When software runs as a service, as part of a broader distributed system on nodes not controlled by the user, then even if the user has access to the source code of the software under a free software license, it is relatively difficult for the user to run and distribute modified versions of the software.

The reason that it's more difficult to run such software is that the user needs to, in effect, administer their own distributed system which is composed of the service, other supporting services, and clients for that service, all spread across multiple nodes.

It's known that it's more difficult to run distributed systems than local software, but why?

In some respects, this is a simple technical problem: We have a good understanding of how to write and run individual processes on a single machine, and how even novice users can relatively easily administrate such a machine. But we have little understanding of how to do the same for distributed systems, spread across multiple nodes.

In some other respects, however, this is a social problem: The scripts and software and techniques that one user (which may be a single person or an entire organization) develops to run a specific distributed system, are typically not shared with other users. And, crucially, those scripts and techniques are not available to the end users of a service: If the end user wishes to run the service themselves, they start from nothing: they have to recreate the distributed system from scratch.

Now, it's not clear how useful such scripts would be. This comes back to the technical issues: We don't understand how to run distributed systems very well at a theoretical level.

However, imagine a world where many large users (Facebook, Amazon, Netflix, Google, etc) published the scripts they use to run their distributed system. The most useful and portable and flexible such scripts would be adopted by others, and they would be extended to be even more useful. This is the same dynamic that we see for all free software.

Linux is not "well-designed" on a theoretical level. However, in practice, it's high quality, relatively easy to use, and used extremely widely for many different purposes. It made it to this state because it was free software, and everyone contributed to the shared Linux codebase; they had to, if they wanted to ship products using Linux.

Today, there's no such feedback loop for software for running distributed systems. The software that's actually used for the largest distributed systems isn't available, even as it incorporates large amounts of free software to run as a service. We might use those services, but we're not allowed to see or use the code for the distributed system that runs it.

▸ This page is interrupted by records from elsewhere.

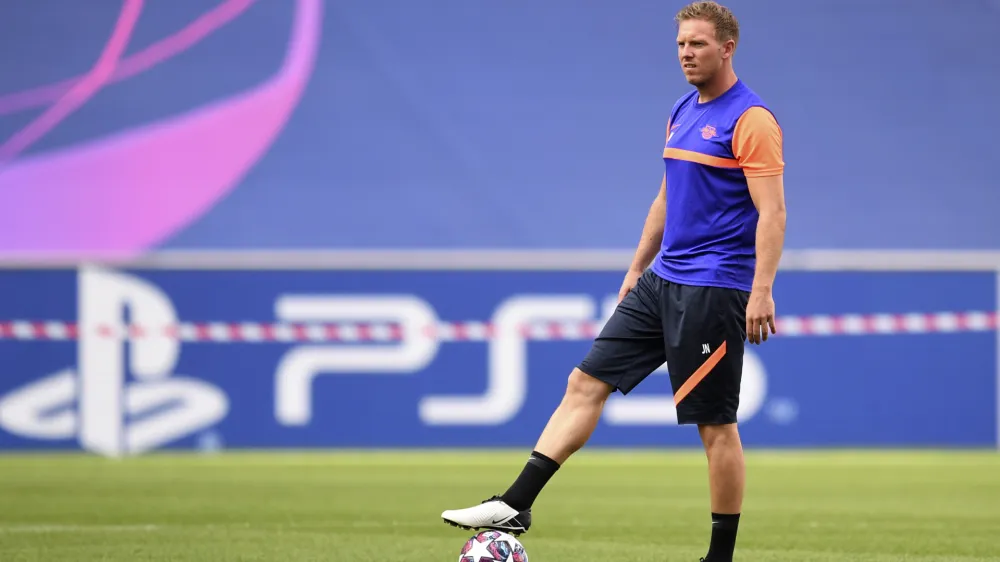 Leipzig's head coach Julian Nagelsmann directs a training session at the Luz stadium in Lisbon, Monday Aug. 17, 2020. Leipzig will play PSG in a Champions League semifinals soccer match on Tuesday. (David Ramos/Pool via AP)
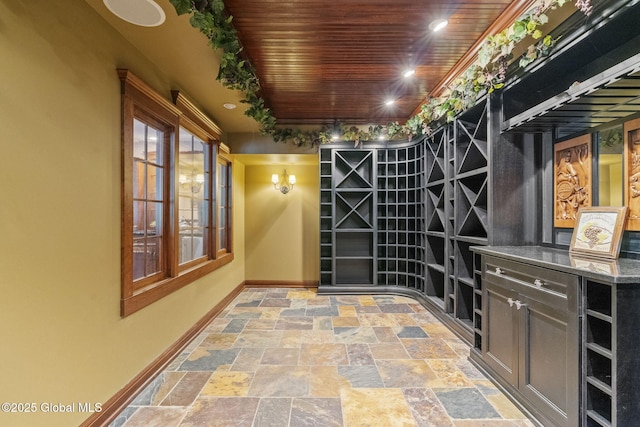 1014 Catherines Woods Dr, Niskayuna, NY 12309 - wine room with baseboards, stone tile flooring, and wood ceiling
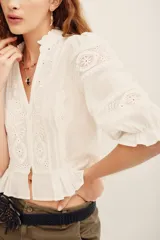 Camisa blanca de algodón con detalles de encaje broderie y transparencias, escote en V con cuello alto con volados, y mangas cortas abullonadas.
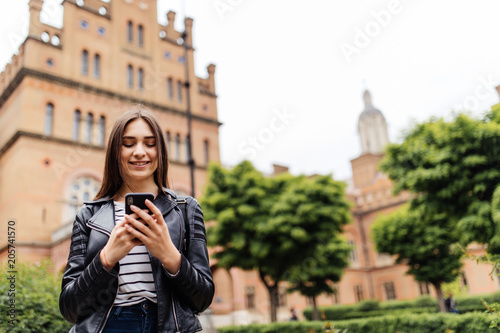 Single student walking and reading mobile phone messages with a university building in the background photo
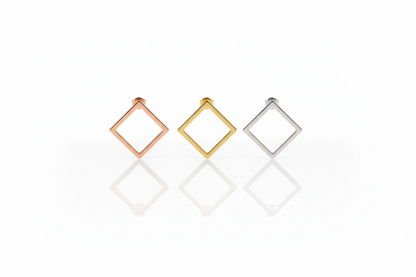 Three square-shaped earrings in rose gold, yellow gold, and silver on a white background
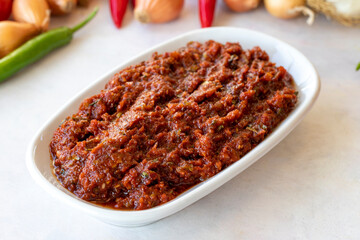 spicy crush or adjika appetizer (harissa) made with tomato, pepper, garlic, onion, pepper paste and olive oil. Acılı ezme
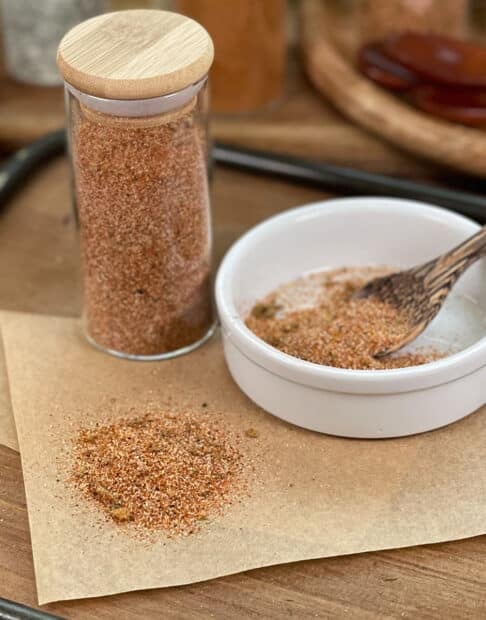 Taco seasoning blend in glass jar, white dish with tiny wooden spoon.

When a piece of "local" software links against a free library licensed under the GPL, that software is required to provide its users all the freedoms of the GPL for the entire combined work. This ensures that free software continues to be improved by its largest, most well-resourced users. Again, this has been most famously effective with Linux.

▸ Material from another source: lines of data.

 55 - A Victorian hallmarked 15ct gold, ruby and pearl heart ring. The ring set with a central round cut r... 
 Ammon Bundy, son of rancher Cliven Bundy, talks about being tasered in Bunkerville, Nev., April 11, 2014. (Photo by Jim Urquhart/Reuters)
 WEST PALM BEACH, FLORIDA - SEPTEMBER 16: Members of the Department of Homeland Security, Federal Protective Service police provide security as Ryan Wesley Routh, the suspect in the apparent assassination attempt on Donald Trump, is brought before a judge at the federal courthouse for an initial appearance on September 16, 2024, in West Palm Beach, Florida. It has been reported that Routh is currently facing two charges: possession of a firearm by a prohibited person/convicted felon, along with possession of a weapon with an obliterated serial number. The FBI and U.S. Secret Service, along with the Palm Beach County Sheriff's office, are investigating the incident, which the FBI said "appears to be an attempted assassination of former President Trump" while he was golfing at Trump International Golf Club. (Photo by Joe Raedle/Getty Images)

We can write similar licenses for distributed systems. When a distributed system links against a free service so licensed, that system would be required to provide its users with all the freedoms of free software. The users would have the ability to run and modify their own copies of the system, and make it better, just like with Linux. Such a license would be a free software license; this would be a provision essentially identical to copyleft.

Some are concerned that such a license would not allow a service to be hosted on top of proprietary cloud hosting; an end-user would not be able to use the APIs of a proprietary distributed system to run the service. That's something that the GPL dealt with, too; it contains a "system linking exemption", to allow linking against proprietary "system libraries", part of proprietary operating systems. Our new distributed license could have a similar system linking exemption to allow use with proprietary cloud hosting.

The proponents of the SSPL claim it is an attempt to write such a free software license. The detractors claim it's something completely different. I don't really care; I just want a free software license which requires that, when licensed software is used to provide a service as part of a larger distributed system, the users of that service must be provided the freedom to run and modify their own copies of that distributed system. If that's not the SSPL, then we should work on a new such license.

The AGPL was intended, in part, to guarantee this freedom to users, but it has failed. Proprietary distributed systems frequently incorporate AGPL software to provide services. They believe that as long as the individual process that provides the service complies with the AGPL, the rest of the distributed system does not need to comply; and it appears that the legal world agrees.

I want users to be able to run high-quality distributed systems easily. There are lots of technical advances that we can pursue to make this easier, but we should also pursue social remedies. We will never have a large collection of low-cost, high-quality distributed system software unless the free software feedback loop starts running for distributed systems.